Collected material:
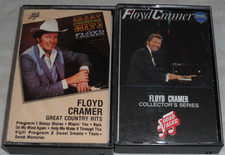 Floyd Cramer 2 Cassette Lot Great Country Hits / Collector's Series
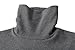 HieasyFit Women's Soft Cotton Turtleneck Top Basic Layer Darkgray M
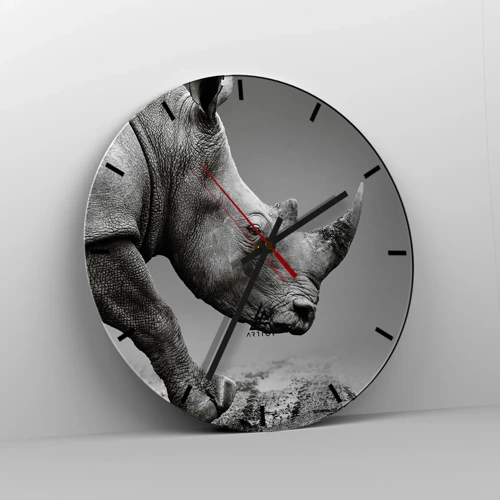 Horloge murale - Pendule murale - Force inarrêtable - 30x30 cm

The task:
What is needed is a verbatim copy of the material, minus its pictures.

Output below:
 Floyd Cramer 2 Cassette Lot Great Country Hits / Collector's Series
 HieasyFit Women's Soft Cotton Turtleneck Top Basic Layer Darkgray M
 Horloge murale - Pendule murale - Force inarrêtable - 30x30 cm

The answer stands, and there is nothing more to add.